WORK ITEM – Exact retyping of the data: please keep every word and drop each picture.

DATA SECTION –

◆ ◆ ◆ ◆ ◆

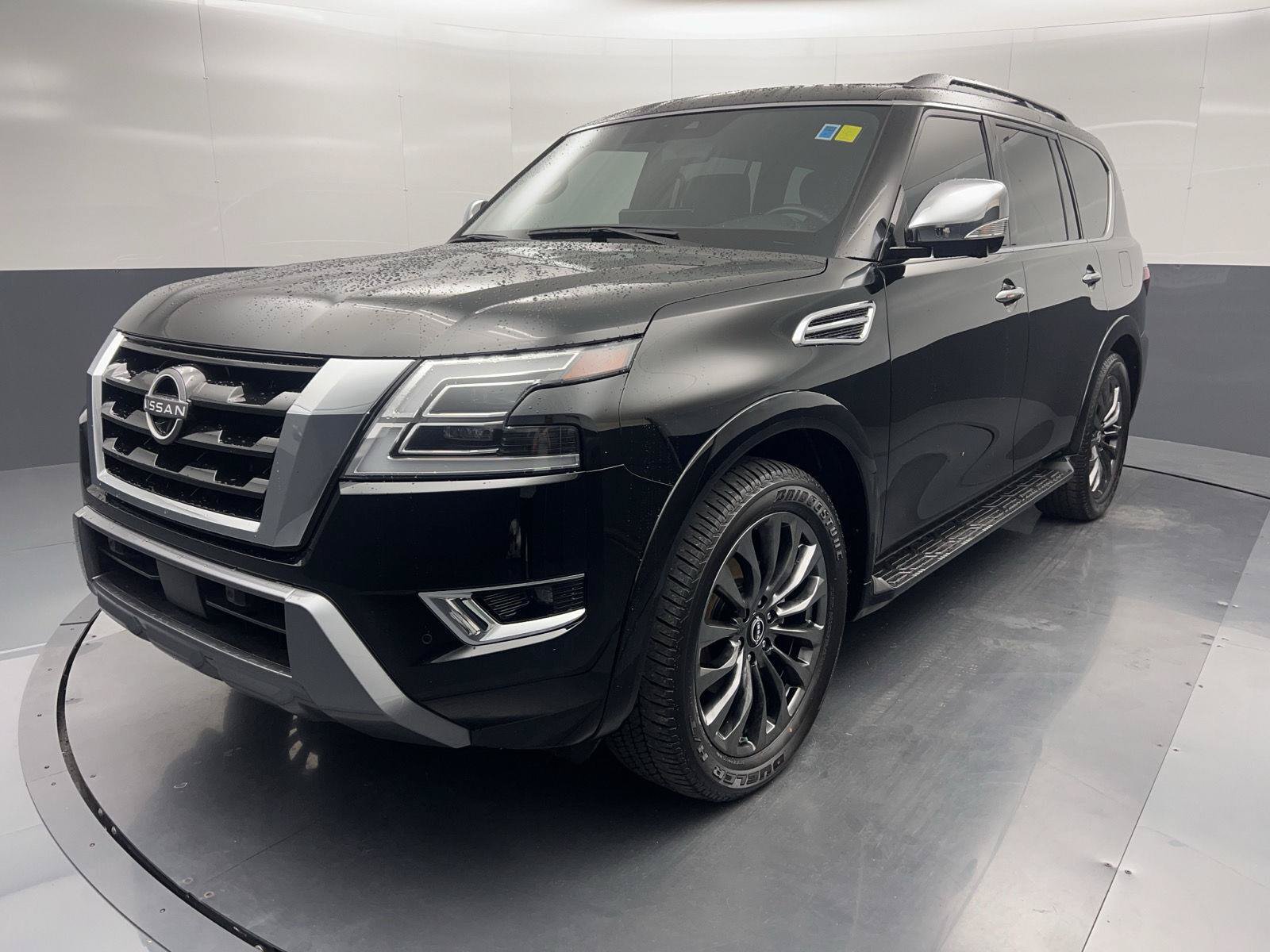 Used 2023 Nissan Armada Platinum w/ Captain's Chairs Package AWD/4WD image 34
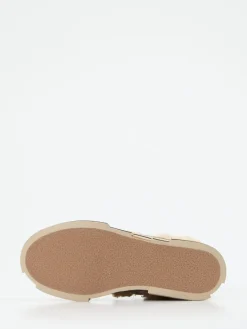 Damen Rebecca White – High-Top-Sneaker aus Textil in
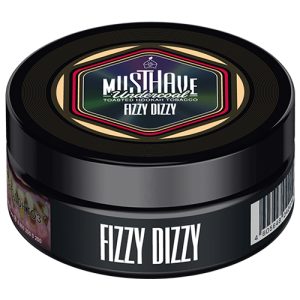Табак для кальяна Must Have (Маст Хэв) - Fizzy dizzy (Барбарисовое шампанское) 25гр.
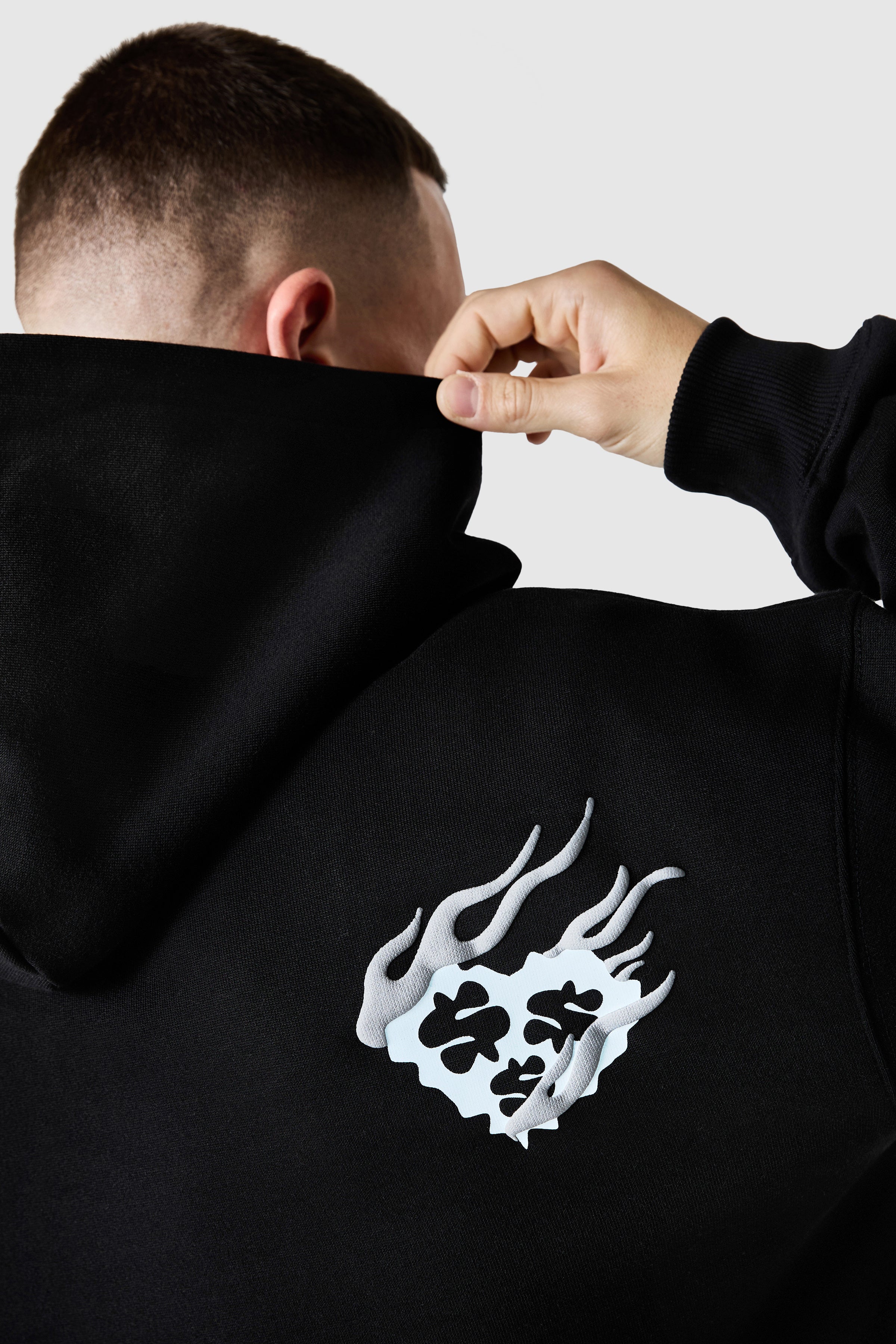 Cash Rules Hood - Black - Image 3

◆ ◆ ◆ ◆ ◆

PROBLEM SOLUTION –
 Used 2023 Nissan Armada Platinum w/ Captain's Chairs Package AWD/4WD image 34
 Damen Rebecca White – High-Top-Sneaker aus Textil in
Табак для кальяна Must Have (Маст Хэв) - Fizzy dizzy (Барбарисовое шампанское) 25гр.
 Cash Rules Hood - Black - Image 3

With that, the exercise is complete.